- Died: 1637
- Occupation: Roman Catholic priest

= William Rushworth (priest) =

English Roman Catholic priest

William Rushworth (died 1637), or William Richworth, was an English Roman Catholic priest and controversialist.

==Biography==
Rushworth was a native of Lincolnshire. He received his education in the English College at Douay, where he went by the name of Charles Ross. He was ordained priest on 29 September 1615, and on 8 March 1617–18 he undertook the office of general prefect, which he resigned on 18 August 1618. Soon afterwards he was sent to the mission in England, where he died in 1637. His anonymous biographer says: "He was a man curious in divinity, controversies, mathematicks, and physick, but chiefly delighted in mathematics, and, by the name of Robinson, entertained correspondence with the learned Oughtred."

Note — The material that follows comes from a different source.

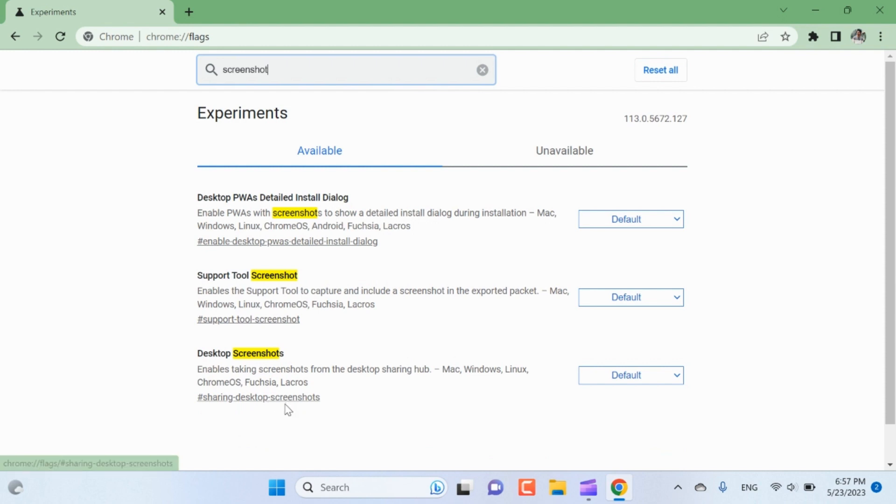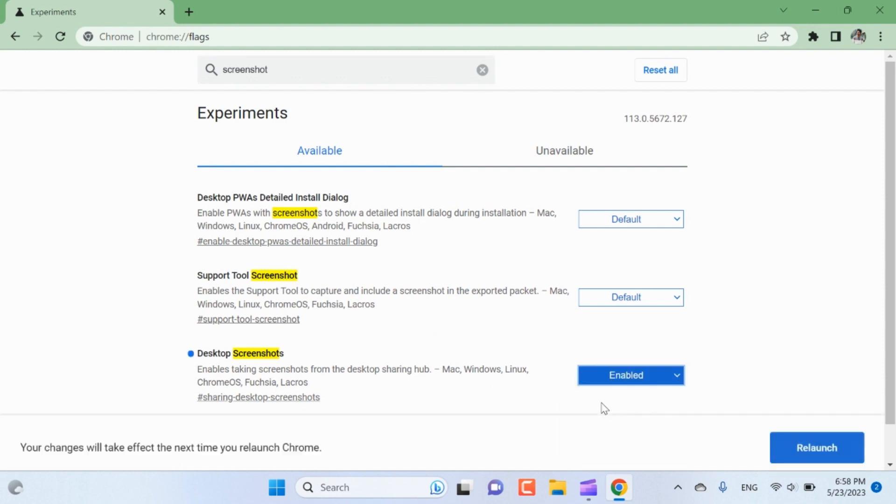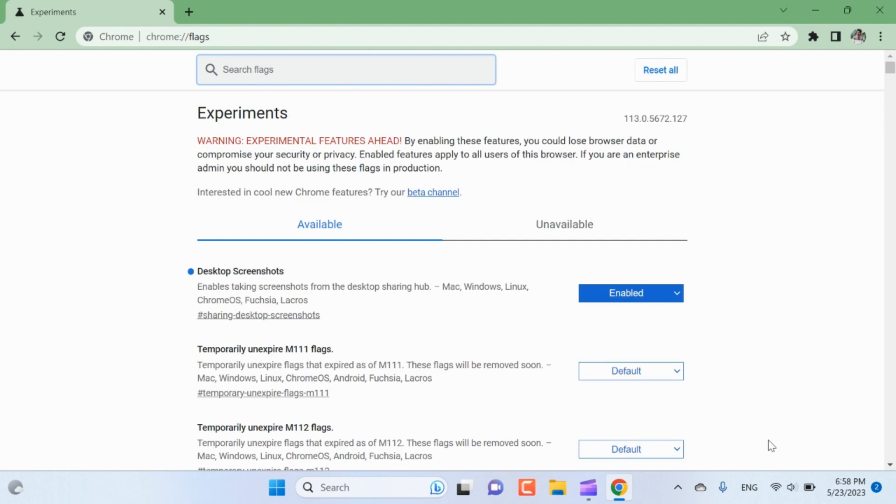Click on the drop-down menu next to the Desktop Screenshots flag and select Enabled. After enabling the flag, you will see a prompt at the bottom of the screen to relaunch Chrome. Click on the Relaunch button to restart Chrome with the new flag enabled.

Rushworth left in manuscript a work which was published under the title of "The Dialogves of William Richworth; or, the iudgmend [sic] of common sense in the choise of Religion," Paris (John Mestais), 1640 (12mo, pp. 582; reprinted, Paris, 1648, 12mo). Another edition, corrected and enlarged by the Rev. Thomas White, who added a fourth dialogue, is entitled: "Rushworth's Dialogues. Or the Judgment of common sence in the choyce of Religion," Paris, 1654, 8vo, pp. 280. William Chillingworth wrote: "An Answer to some Passages in Rushworth's Dialogues" which appeared at the end of the ninth edition of his "Works," London, 1727, fol., and Matthew Poole also replied to Rushworth in "The Nullity of the Romish Faith," 1667 and 1679. Thomas White published "An Apology for Rushworth's Dialogues. Wherein the Exceptions of the Lords Falkland and Digby are answer'd, and the Arts of their commended Daillé discovered," Paris, 1654, 8vo; and another vindication of Rushworth appeared in a work entitled "Tradidi Vobis; or the Traditionary Conveyance of Faith Cleer'd in the rational way, against the exceptions of a Learned Opponent. By J[ohn] B[elson], Esquire," London, 1662, 12mo.